What is OCR (Optical Character Recognition) software?
OCR software is used to recognize printed or written text characters. OCR software has been around for several decades and focuses primarily on converting text on a scanned page to machine-readable information.
Many OCR software vendors have expanded their core recognition capability to provide conversion of scanned documents into editable Word documents or conversion to searchable PDFs. OCR is different from data extraction, which involves locating specific data on a page.
OCR Software vs Data Extraction
OCR software is used to convert images of documents into text while advanced capture solutions are designed to reliably classify documents, and locate, extract and verify data.
Before and After OCR Software
Let’s look at an image of a document before OCR software is used to convert it to text.
Converted Text Results from OCR
OCR software is used to convert images of documents into text where results at the character level can be close to 100 percent accurate. That level of accuracy sounds great, but what does this really mean?
As you can see from the example above, the results at the character-level (the “C” in OCR) look 100% accurate, but when we examine the results from a word level, there are approximately 14.5% errors after you divide the number of word errors by the total number of words.
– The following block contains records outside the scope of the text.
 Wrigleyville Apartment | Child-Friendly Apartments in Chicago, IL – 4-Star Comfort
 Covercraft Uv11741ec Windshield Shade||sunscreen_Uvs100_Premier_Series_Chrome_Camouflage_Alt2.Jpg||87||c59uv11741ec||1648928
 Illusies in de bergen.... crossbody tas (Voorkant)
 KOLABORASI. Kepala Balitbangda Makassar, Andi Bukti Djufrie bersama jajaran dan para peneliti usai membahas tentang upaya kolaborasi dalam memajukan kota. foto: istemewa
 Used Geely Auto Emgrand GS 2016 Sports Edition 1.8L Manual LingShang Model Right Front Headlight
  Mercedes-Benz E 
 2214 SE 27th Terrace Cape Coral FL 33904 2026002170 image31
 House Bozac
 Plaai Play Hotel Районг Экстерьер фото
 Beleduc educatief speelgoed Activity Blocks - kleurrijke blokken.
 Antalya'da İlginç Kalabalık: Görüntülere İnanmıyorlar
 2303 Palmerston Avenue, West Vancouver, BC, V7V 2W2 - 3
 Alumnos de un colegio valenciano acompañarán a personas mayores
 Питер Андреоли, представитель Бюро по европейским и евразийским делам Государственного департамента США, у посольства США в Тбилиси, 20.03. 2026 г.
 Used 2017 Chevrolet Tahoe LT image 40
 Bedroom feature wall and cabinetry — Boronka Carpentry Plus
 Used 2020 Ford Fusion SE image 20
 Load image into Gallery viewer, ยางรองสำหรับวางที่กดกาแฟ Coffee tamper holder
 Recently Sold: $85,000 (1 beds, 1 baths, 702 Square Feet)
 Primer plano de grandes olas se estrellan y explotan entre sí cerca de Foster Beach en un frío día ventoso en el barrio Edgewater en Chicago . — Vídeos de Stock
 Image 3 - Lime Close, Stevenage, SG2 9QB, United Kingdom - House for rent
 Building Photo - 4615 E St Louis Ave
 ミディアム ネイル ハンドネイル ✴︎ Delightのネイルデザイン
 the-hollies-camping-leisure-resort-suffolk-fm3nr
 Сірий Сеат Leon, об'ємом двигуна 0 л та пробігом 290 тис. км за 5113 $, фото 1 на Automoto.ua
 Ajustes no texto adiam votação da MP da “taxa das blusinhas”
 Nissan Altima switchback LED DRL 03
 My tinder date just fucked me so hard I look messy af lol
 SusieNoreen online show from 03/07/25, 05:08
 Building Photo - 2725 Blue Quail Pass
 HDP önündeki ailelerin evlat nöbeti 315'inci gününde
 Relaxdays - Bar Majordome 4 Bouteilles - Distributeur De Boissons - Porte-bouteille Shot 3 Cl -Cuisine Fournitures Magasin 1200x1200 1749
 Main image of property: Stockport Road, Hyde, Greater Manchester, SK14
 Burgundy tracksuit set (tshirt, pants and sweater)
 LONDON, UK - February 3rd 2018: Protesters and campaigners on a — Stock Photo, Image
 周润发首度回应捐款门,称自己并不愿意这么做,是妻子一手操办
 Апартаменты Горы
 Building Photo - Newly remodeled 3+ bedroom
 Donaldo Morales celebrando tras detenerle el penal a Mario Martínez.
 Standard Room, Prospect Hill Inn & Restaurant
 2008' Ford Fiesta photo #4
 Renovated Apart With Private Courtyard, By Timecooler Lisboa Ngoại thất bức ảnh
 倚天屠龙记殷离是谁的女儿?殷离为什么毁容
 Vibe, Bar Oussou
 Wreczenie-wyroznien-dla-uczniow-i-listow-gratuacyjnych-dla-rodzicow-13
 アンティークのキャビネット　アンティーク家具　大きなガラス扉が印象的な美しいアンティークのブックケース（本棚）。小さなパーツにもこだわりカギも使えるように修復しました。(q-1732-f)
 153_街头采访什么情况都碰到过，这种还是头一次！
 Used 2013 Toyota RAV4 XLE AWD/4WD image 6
For practical applications of OCR software, which include using text to aid with search, these errors are not necessarily a problem. After all, when searching for “change of control”, an instance where “ofcontrol” is not correctly separated may still be found. However, if you need to extract specific data that typically exist as a series of words, then an advance capture solution is necessary.
Advanced capture uses a variety of methods to locate required data that extend well beyond dictionary-based approaches including relative proximity of one data element to another and expected value patterns, among many others.